Mike Luckovich, editorial cartoonist, Atlanta Journal-Constitution:

We cartoonists, when we’re trying to make our points, we look for things that people can relate to. For example, for the cartoon on Groundhog Day, I had a couple of guys looking at a dead groundhog, and one says, “He saw his 401k.” So, you take something in the culture that people are aware of, and then you tie something else to it.

In this case, if he’d stepped back from it, he would have thought, “I can’t do that.”

I think he really screwed up, but not for a racist reason. It’s in bad taste to take an ape that injured a woman. The symbolism is too heavy, it’s not funny. Also, African-Americans have been, in racist ways, compared to apes through out our history. If that had occurred to them, they would’ve pulled it.

It’s happened to me before. About once every five years, according to my editor, I draw something and people react very negatively. In those cases, the symbolism that I’ve chosen overwhelms the message I’m trying to make. I’m not trying to let the guy off the hook, but he just didn’t do a good enough job looking at the big picture, so that a small mistake turned into a big one.

You still have to show sensitivity because of the African-American experience with racism. You can’t ignore that, even though we’re making strides. With Obama, we see him as a human being, we don’t see him as black or white.

Nick Anderson, editorial cartoonist, Houston Chronicle:

I thought it was a pretty clumsy metaphor. Anyone with the slightest awareness of the history of race in this country should have realized that this is an inflammatory image. Cartoonists often make a reference to seemingly unrelated events to draw a parallel.

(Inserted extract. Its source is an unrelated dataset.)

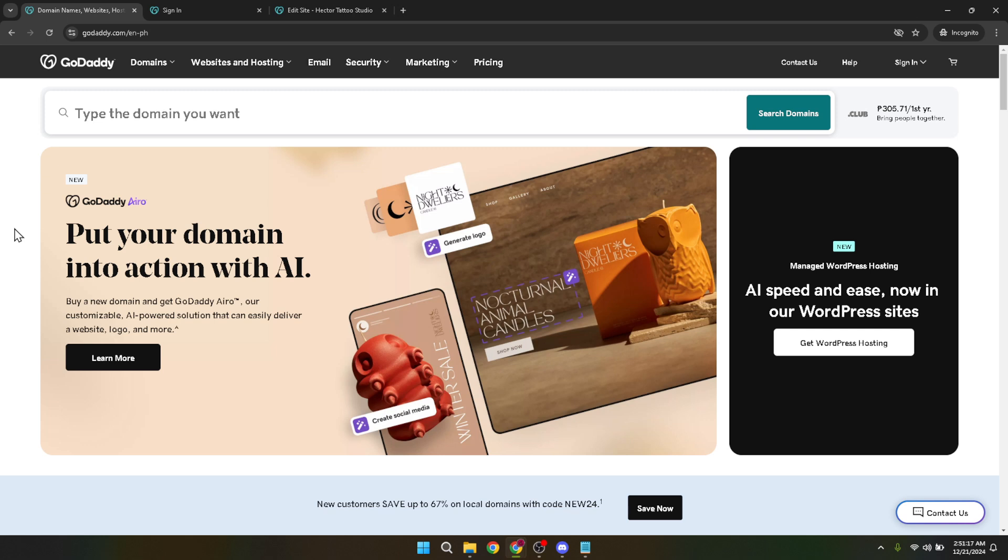Now you will be prompted to enter your username and password. Take your time to type in your login details correctly. After entering your credentials, click the sign in button to access your account.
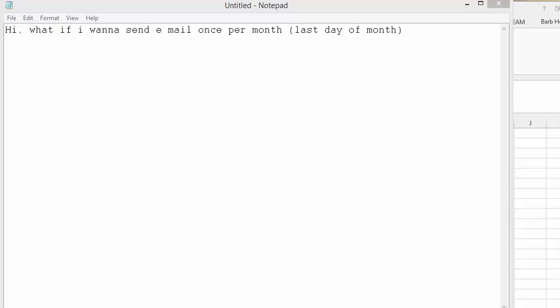So I received this question the other day on my send email with an attachment from an Excel file video, and this gentleman asks, what if I wanted to send an email once per month, let's say the last day of the month? So I modified my code to accomplish this, and I'll show you how I did it.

People have used cartoons throughout history with pernicious reasons; Nazis used inflammatory images of Jews in order to dehumanize them.

It would help if everyone took a deep breath and tried to calm down. You can say it was insensitive or ignorant, but I think a lot of the outrage is manufactured. It would be better if we can get into a deeper conversation about race, and why we are sensitive about it. But as a cartoonist, I don’t want to be sensitive when I draw. Instead, I think you should be aware of how images could be interpreted.

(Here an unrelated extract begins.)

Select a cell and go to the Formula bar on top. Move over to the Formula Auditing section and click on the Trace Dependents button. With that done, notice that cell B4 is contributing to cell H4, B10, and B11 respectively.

Gary Varvel, editorial cartoonist, The Indianapolis Star:

I knew what the guy was trying to say, and I don’t remember thinking “racist” at all. He was taking a news event and tying the ludicrous stimulus bill to it, and he was making fun of Congress who drafted this bill.

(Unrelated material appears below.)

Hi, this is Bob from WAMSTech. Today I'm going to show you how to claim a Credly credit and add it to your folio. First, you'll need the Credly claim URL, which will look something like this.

This happens a lot with editorial cartoons. People want to read into it what they want to see. He was trying to poke fun at Congress for making this thing, and he used a news angle to criticize them.

With political correctness, everyone’s hypersensitive. There are some things you can criticize openly, and some things you can’t. Images like a sombrero, sometimes that’s an offensive image, but people can wear cowboy hats.

But, because most editorial cartoonists are white men, it’s a difficult situation.

As a cartoonist, you don’t like to be limited. I try to be sensitive to the point. If I had this said about me, is it fair? Sometimes we can do an unfair cartoon, because we’re pushing the envelope.

There was a generation of people who lived before me who made slurs about African-Americans. Maybe in the next generation we’ll go beyond those things.

Emily Flake, freelance cartoonist:

I thought it was a really bad cartoon on a lot of levels, because there’s not really a joke there. Unless you really over-explain that you didn’t think that stimulus bill was very good, and it just so happened that there was a monkey attacked someone. The statement that the reference to the monkey was not supposed to be racist is really disingenuous. Everybody knows that there’s a racist trope of referring to black people as monkeys, and if you’re saying that you didn’t know that, then you’re so full of shit. It was insulting to their readers and to cartoonists.

This is in a daily newspaper. This isn’t HBO and it’s not Sarah Silverman. Jokes that play with race and lampoon race don’t really have a place in the daily family. My heart goes out to anyone who is getting a drubbing on the Internet, but at the same time, he could have thought about it a little bit better about this.

Katia Bachko is on staff at The New Yorker.